L'équipe de l'Université de Cambridge a
entrepris de redéfinit le génome de E. Coli en supprimant purement
et simplement les codons qu'elle estimait superflus. Au moyen d'un
programme informatique, les scientifiques ont analysé l'ADN de la
bactérie. Chaque fois qu'ils rencontraient le TGC, un codon qui
fabrique un acide aminé appelé sérine (un des acides aminés les plus
abondants dans les protéines), ils le réécrivaient sous le nom
d'AGC, un autre codon qui fait le même travail. Deux autres codons
ont ainsi été remplacés selon le même principe.
En finalité, l'équipe de Cambridge a
complètement redéfini le génome de E. Coli en éliminant la plupart
de ses codons superflus. Ce nouveau code génétique, comprenant pas
moins de 18.000 modifications, a ensuite été synthétisé chimiquement
et, pièce par pièce, a été ajouté à E. Coli où il a remplacé le
génome naturel de l'organisme.
Le résultat, connu sous l'appellation de
Syn61, est un organisme vivant utilisant un code ADN complètement
synthétique et radicalement modifié, légèrement plus grand que son
cousin naturel et se développant plus lentement, mais parfaitement
viable.
D'énormes perspectives
La bactérie E. Coli, pour ne parler que
d'elle, est déjà utilisée par l'industrie biopharmaceutique pour
fabriquer de l'insuline ainsi que d'autres composés médicaux
destinés à combattre le cancer, la sclérose en plaques, les maladies
cardiovasculaires et certains maladies oculaires.
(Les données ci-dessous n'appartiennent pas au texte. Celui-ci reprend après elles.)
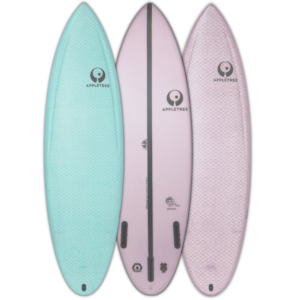 Fit your kiteboard to your physique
Cependant, ces
cycles de production particulièrement complexes peuvent être gâchés
lorsque des cultures bactériennes sont contaminées par des virus ou
d'autres microbes. Mais pour agir, ces derniers s'appuient sur la
structure génétique d'origine d'E. Coli, qu'ils ne retrouvent pas
dans l'ADN modifié… ainsi devenu résistant.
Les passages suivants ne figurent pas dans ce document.